Sebo’s parent company found it harder to continue supporting Sebo’s growth to the extent needed for the company to regain its financial stability in the aftermath of Covid-19 and continue successful business development in Moldova. In search of alternatives, Sebo’s parent company has come to the decision to sell Sebo to Mogo group. Both Mogo and Finko group teams have worked very closely over the past several months to see the acquisition come to its completion.

With significant experience in the Moldovan market  and diversified funding structures, Mogo is well positioned to take over Sebo. Leveraging existing synergies and scale efficiencies, Mogo group plans to optimize existing Sebo business by continuing to adapt the company to the post-Covid-19 reality and re-establish Sebo operations.

Post-acquisition Sebo will continue to operate within a standalone legal entity and continue to use its already well established and well regarded brand name. Sebo’s own proprietary IT systems will continue to be used for the operating purposes and Sebo’s results will be reported within the consolidated results of Mogo Group separately from Mogo’s secured used car finance business. These actions together with the extensive due diligence and the fact that both company’s have closely followed each other for few years now, make the integration risk remote.

Mogo CEO’s comment

Modestas Sudnius, Mogo Finance group CEO: “We are excited to be able to acquire such a well-managed business with a strong team and wide-spread presence in the country.

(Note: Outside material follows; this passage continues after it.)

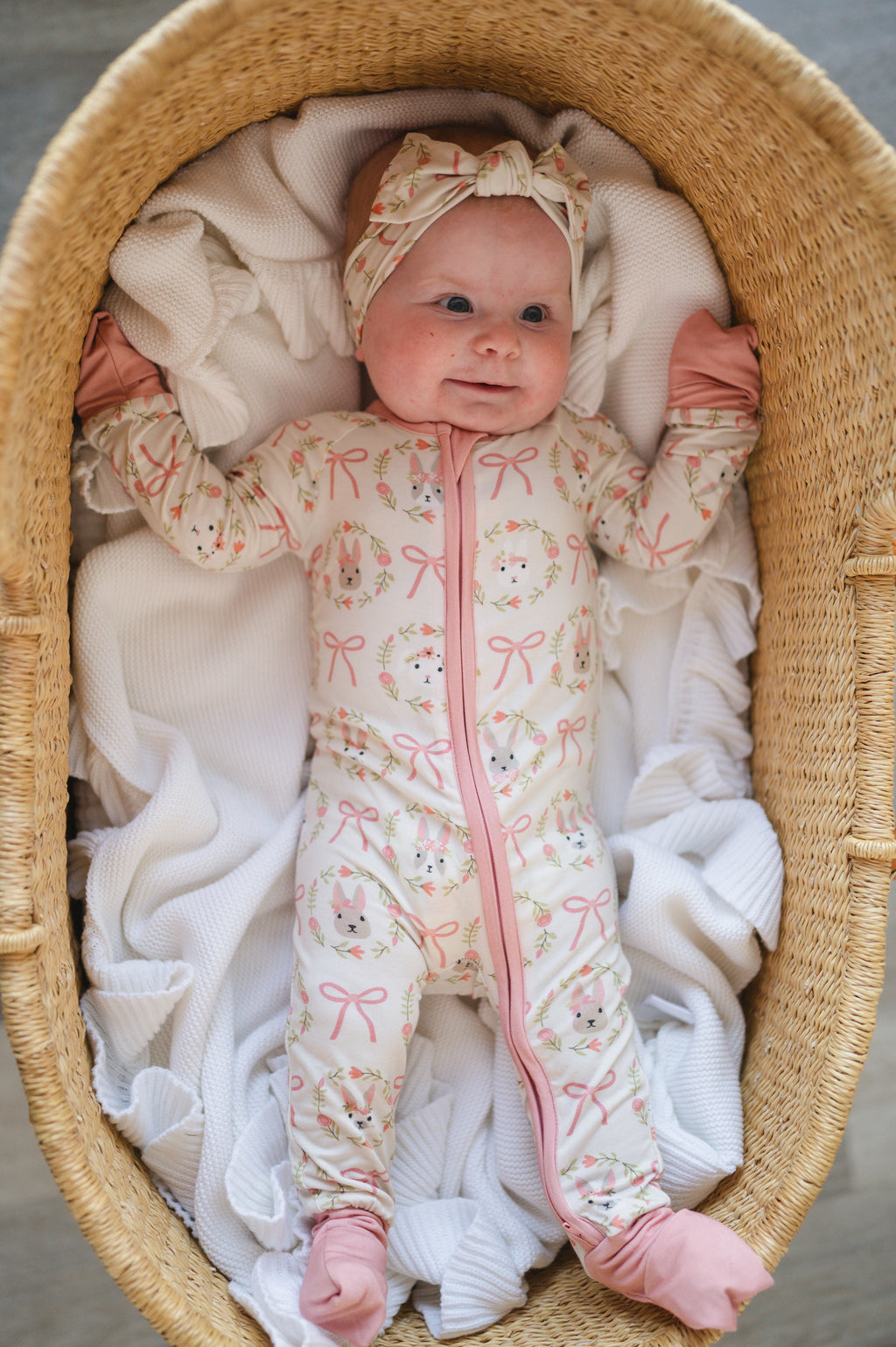 Bows & Bunnies (Convertible Zip Footies)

With Sebo joining Mogo Finance group we will significantly strengthen our position in one of our most promising markets – Moldova, and will be able to offer Moldovan consumers a full set of non-bank financial services. We see a lot of positive synergies between Mogo in Moldova and Sebo as both businesses are expected to benefit from a closer collaboration while being part of a Mogo group.

The acquisition of already established and profitable business is a differently strategy to the organic growth and several years of investment before a market turns to monthly profitability that was prevalent in the recent years. Smart and profitable capital allocation is key in the times when uncertainty of consumers, capital markets and possible repeated lockdowns is high. This is exactly what Mogo is doing with the acquisition of a profitable and well established business that is expected to bring immediate positive impact to the Eurobonds security package as well as Mogo Group’s financial results.“

Conference Call:

CEO Modestas Sudnius and CFO Maris Kreics will comment on the recent Mogo Finance developments. The conference call will be held in English.

Please register http://emea.directeventreg.com/registration/9651514

About Mogo group

Mogo Finance is one of the largest and fastest-growing secured used car financing companies in Europe. Recognizing the niche in used car financing underserved by traditional lenders, Mogo Finance has expanded its operations to 17 countries issuing over EUR 550 million up to date and running a net loan and used car rent portfolio over EUR 196 million. Mogo offers secured loans up to EUR 15,000 with maximum tenor of 84 months making used car financing process convenient, both for its customers and partners. Wide geographical presence makes Mogo unique over its rivals and diversifies revenue streams.

Mogo Finance operates through its own branch network, more than 2,000 partner locations and strong online presence. Physical footprint makes Mogo Finance top of mind brand in used car financing. Established in 2012, headquartered in Riga, Latvia Mogo Finance operates in: Latvia, Estonia, Lithuania, Georgia, Poland, Romania, Bulgaria, Moldova, Albania, Belarus, Armenia, Uzbekistan, Kazakhstan, North Macedonia, Bosnia and Herzegovina, Kenya and Uganda.